In this section we illustrate how the user can extend ODToolkit by adding a new data set, a new occupancy
estimation model, and a new evaluation metrics to the toolkit.

Adding a new data set
=====================

We assume that a data set is a collection of comma separated (csv) files where each file contains data pertaining to
a single room within a building. The columns of each file represent different features and its rows correspond to
successive timestamps.

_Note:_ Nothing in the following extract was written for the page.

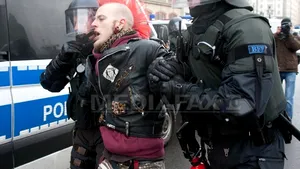 Evacuare cu scandal în Berlin: 61 de poliţişti răniţi şi 82 de persoane arestate - GALERIE FOTO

The labelled occupancy data should be the last column of the csv file (if applicable).


Sample code
-----------
.. code-block:: python
    :linenos:

    import core

    # Load the raw csv file and transform to core.data.dataset.Dataset()
    dataset = core.data.import_data("./data-room-1.csv",
                                    time_column_index=1,
                                    room_name="User room 1",
                                    tz=-2)
    # Add more rooms into the same data set
    dataset += core.data.import_data("./data-room-2.csv",
                                     time_column_index=1,
                                     room_name="User room 2",
                                     tz=-2)

    # Preprocess the data set
    core.preprocessing.auto_clean(dataset, target_frequency=60)
    # After preprocessing, put the data set into specific folder for data sets
    core.data.save_dataset(dataset, "./core/data/binary_dataset/user_room")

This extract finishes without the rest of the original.